Il premio sarebbe stato assegnato alla vigilia di Natale del 1989, nel corso della cerimonia dell’assegnazione del Pallone d’Oro ‘tradizionale’ che poi andrà a Marco Van Basten (con Franco Baresi secondo e Frank Rijkaard terzo per un podio tutto milanista).
A stabilire il vincitore sarebbero state le preferenze di quattro giurie: i ventisette giornalisti che votavano per il Pallone d’Oro, i giocatori che nel corso della carriera ne avevano vinto almeno uno, i lettori di France Football ed i telespettatori di TF1.
I giornalisti votarono in maggioranza per Di Stefano (nella loro classifica si piazzò Cruyff al secondo posto staccato di tre voti) e lo stesso fecero anche gli ex vincitori del Pallone d’Oro che premiarono la leggenda del Real Madrid (Cruyff ancora secondo ma staccato questa volta di due voti), mentre le preferenze dei lettori di France Football ed i telespettatori di TF1 furono in larga parte, e la cosa non può sorprendere, per il francese ed eroe di casa Platini.
Raccolti tutti i dati si decise dunque di procedere con una serie di calcoli e dalle medie finali risultò un unico vincitore assoluto: Alfredo Di Stefano.
La mitica ‘Saeta Rubia’, si piazzò al primo posto seguito da Cruyff e Platini e, accompagnato dalla moglie Sara, venne premiato, in diretta televisiva insieme a Marco Van Basten, e al cospetto degli altri campioni in lizza per il premio, con un trofeo speciale in vetro con un Pallone d’Oro in cima e tanti piccoli Palloni d’Oro alla sua base.
“Alfredo Di Stefano
Super Ballon d’Or Europeen France Football TF1
24 december 1989”.
Era questa la scritta che campeggiava sulla targhetta del premio con il quale si era deciso di incoronare il più grande di tutti.
“Ho scoperto solo una decina di giorni fa - svelerà a ‘France Football’ - di essere in lizza per questo premio con Cruyff, Platini, Beckenbauer, Keegan e Rummenigge.
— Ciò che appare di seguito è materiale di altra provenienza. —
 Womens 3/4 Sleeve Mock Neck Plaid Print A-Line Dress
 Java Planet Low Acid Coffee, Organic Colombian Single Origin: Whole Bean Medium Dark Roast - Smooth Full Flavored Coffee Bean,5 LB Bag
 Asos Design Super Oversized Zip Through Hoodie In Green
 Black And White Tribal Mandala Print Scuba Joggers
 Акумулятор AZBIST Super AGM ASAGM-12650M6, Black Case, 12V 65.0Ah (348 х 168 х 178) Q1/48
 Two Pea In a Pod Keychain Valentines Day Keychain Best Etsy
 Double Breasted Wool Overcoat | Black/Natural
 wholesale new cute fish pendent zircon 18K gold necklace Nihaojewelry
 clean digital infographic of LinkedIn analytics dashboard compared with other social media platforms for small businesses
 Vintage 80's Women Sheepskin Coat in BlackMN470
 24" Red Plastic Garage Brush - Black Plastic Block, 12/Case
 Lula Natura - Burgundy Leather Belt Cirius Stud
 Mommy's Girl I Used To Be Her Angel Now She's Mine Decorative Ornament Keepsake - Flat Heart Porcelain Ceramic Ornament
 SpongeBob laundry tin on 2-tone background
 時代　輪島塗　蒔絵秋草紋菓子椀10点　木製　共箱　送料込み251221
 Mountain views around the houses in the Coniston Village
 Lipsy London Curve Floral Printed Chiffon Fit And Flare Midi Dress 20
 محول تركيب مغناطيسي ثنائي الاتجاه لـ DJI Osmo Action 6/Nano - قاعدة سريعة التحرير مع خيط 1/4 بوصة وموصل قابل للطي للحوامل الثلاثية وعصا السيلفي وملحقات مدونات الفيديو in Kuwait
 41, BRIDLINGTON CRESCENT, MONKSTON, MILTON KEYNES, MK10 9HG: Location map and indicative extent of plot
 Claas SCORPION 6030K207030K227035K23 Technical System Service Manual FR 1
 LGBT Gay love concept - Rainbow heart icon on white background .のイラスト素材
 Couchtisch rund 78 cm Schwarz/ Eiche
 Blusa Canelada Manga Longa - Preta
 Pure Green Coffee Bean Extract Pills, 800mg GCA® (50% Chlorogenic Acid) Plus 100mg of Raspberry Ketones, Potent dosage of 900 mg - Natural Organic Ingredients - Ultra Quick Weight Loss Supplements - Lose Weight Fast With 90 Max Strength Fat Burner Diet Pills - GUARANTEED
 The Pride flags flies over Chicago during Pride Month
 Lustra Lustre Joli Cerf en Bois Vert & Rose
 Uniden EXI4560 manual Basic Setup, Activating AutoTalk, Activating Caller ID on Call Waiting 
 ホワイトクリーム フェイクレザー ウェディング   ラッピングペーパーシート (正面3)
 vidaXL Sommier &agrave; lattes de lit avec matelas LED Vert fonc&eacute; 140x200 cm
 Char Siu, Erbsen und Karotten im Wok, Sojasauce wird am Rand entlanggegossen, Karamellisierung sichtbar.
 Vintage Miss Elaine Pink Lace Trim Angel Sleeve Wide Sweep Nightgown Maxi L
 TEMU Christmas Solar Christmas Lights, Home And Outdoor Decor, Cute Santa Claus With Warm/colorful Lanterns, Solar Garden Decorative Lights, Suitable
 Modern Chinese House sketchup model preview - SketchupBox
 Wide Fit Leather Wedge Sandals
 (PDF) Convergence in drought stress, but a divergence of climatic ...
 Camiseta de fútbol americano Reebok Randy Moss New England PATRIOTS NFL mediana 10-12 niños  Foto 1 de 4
A dire la verità non mi aspettavo di vincere. Si tratta di una ricompensa straordinaria, soprattutto in considerazione del fatto che mi sono ritirato molti anni fa. Non si può immaginare quanto sia felice in questo momento. E’ davvero un grande onore per me e dedico questo Super Pallone d’Oro a tutti coloro che hanno votato per me, a chi ha organizzato tutto questo e al mondo intero”.
Chi visita oggi il museo del Real Madrid, può ammirare il Super Pallone d’Oro di Di Stefano, ma in realtà quella esposta è solo una copia del trofeo originale che nel 2021 è andato ad un fortunato collezionista nell’ambito di un’asta voluta dalla famiglia del campionissimo.
Prestigio e contraddizione insieme, come è spesso accaduto nella storia del Pallone d’Oro: a vincere il Super Pallone d’Oro, ovvero il premio che doveva andare al più forte giocatore europeo di sempre… è stato un argentino.
Paese natio a parte però, Alfredo Di Stefano, oltre ad aver vestito anche la maglia della Nazionale spagnola, è stato, senza ombra di dubbio, uno dei più grandi fuoriclasse di ogni tempo. Trascinatore del Real Madrid capace di vincere cinque Coppe dei Campioni consecutive, resta ad oggi il solo calciatore ad aver fatto suo il Super Pallone d’Oro e probabilmente nessuno riuscirà mai ad eguagliarlo. Nel 1989 infatti, si parlò chiaramente di ‘un’unica volta’, ma chissà che le cose non possano cambiare in futuro.
Il tempo dirà se Di Stefano avrà mai un giorno un erede. Quello che è certo è che nel 2020 è stato stilato, attraverso votazioni, il Dream Team del Pallone d’Oro e nello straordinario 3-4-3 venuto fuori, non si è trovato un posto per lui.
Prestigio e contraddizione insieme… appunto. E’ anche questo a rendere così speciale il riconoscimento individuale più ambito da ogni calciatore.